An extensible architecture at the user interface, crawler, engine and database level to let us quickly deploy new services and formats. Remember last week when I added Echo / Atom support? Know what took the most time? Figuring out the date and time transformations.
A portable full text search engine, written in C, capable of very significant search operations including boolean, wildcard, similarity, fields and more. Want to search Feedster for only blogs written in english sorted by descending date and looking for an expression with compound booleans including wildcards and precedence? Its all in there (Tara on this). When Francois and I merged Feedster and RSS Search, the engine technology that his company developed was one of if not the major reason I pursued him and worked really hard to get the merger to happen. I've worked with lots of engines including the one that currently powers the US patent office and this one is both rock solid and damn good.
Oh and the search engine is fast. Raw search performance is generally sub 1 second, roughly .6 to .8 seconds per query. Displaying the result set and network i/o are the limits we have not search performance.
A network / protocol / gateway layer for the search engine that is actually similar to how Apache operates with multiple servers that can be pre-launched for performance. This is key to our scaling Feedster into a multiple server / clustered server architecture.
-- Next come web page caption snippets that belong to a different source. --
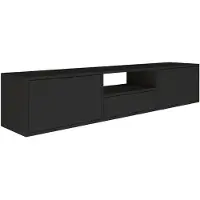 Selsey Framme - Tableau TV suspendu avec trois abattants et une étagère, noir, 150 cm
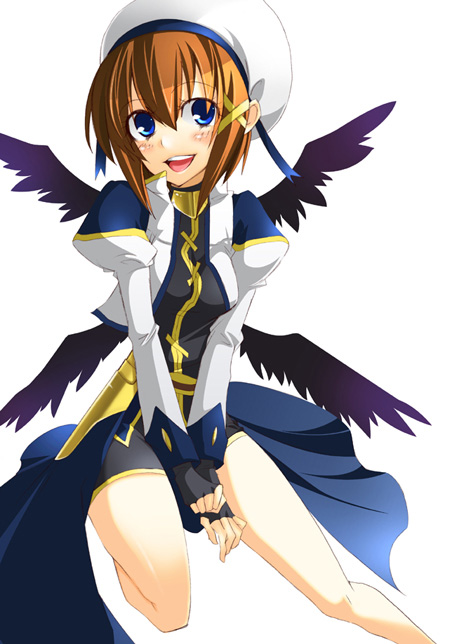 kuro (oden no sono), kuro (pixiv397257), yagami hayate, lyrical nanoha, mahou shoujo lyrical nanoha, mahou shoujo lyrical nanoha strikers, bad id, bad pixiv id, 00s, 1girl, beret, blue eyes, brown hair, female focus, fingerless gloves, gloves, hair ornament, hat, smile, solo, wings, x hair ornament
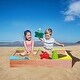 preview thumbnail 1 of 3, 47.25"L x47.25"W x 7.87"H Children's Wooden Sandbox Golden+Red - 5-7 Years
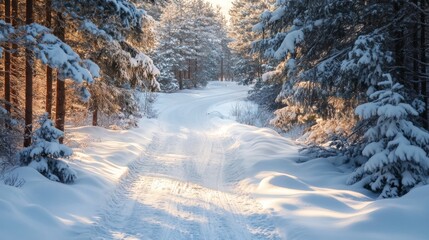 Sunlit Path Through Snow-Covered Forest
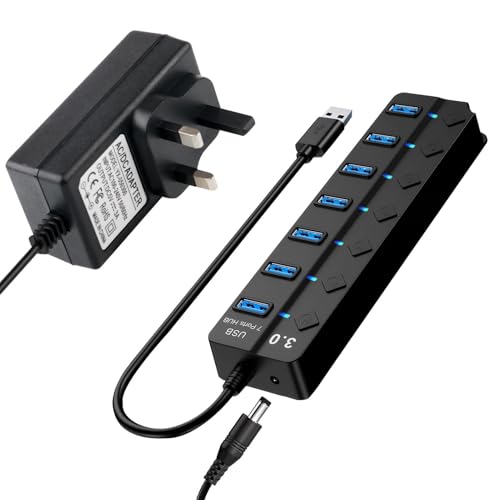Powered USB Hub 3.0 7-Port Multi USB Hubs with 5V 3A Power Supply Adapter USB Extension Splitter with Individual On/Off Switches and LED Lights 5V Cable for Windows MacBook PC Laptop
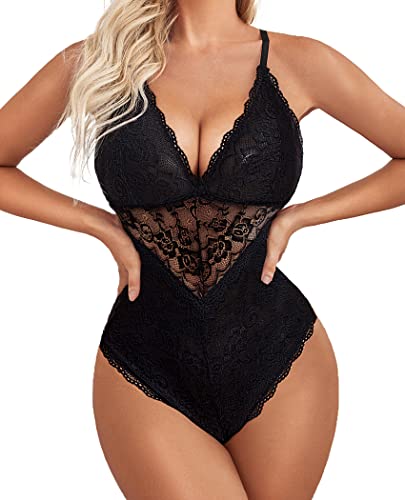 Avidlove Lingerie for Women Teddy Lingerie Snap Crotch Sexy Lace Bodysuit One Piece Teddy(Black,S)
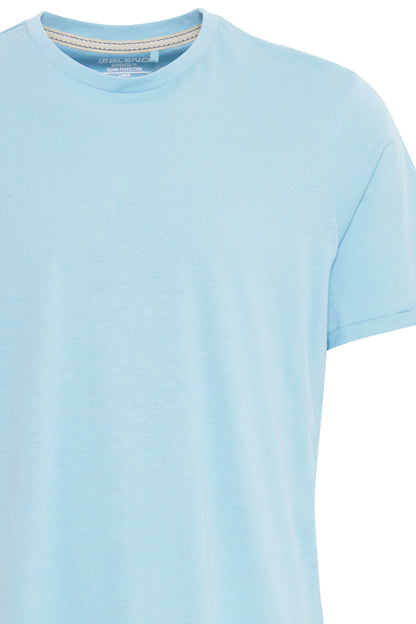Cotton O-Neck Tee - Blue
As soon as the load grows, we'll be able to add new boxes quite easily (right now Feedster is on 3 boxes by the way). In short we're able to have multiple query servers searching one or more replicated databases and still keep indexing fast (ever seen Feedster results when they're under a half hour old -- its just plain cool).
Soap API (ok we haven't announced it formally yet but its there; how else could we support Apple's Sherlock ?)
Oh and by the way between just Francois and myself, we have about 35 years of full text searching experience.

Now I've seen one person point out to me that we should have just written everything in straight C or Java. Well that's an opinion and its worth what I paid for it. Personally I try not to be a language bigot and say "right tool for the job". Given that we're building a network application for a server farm we control as opposed to software for resale, I think we've actually made exactly the right choices.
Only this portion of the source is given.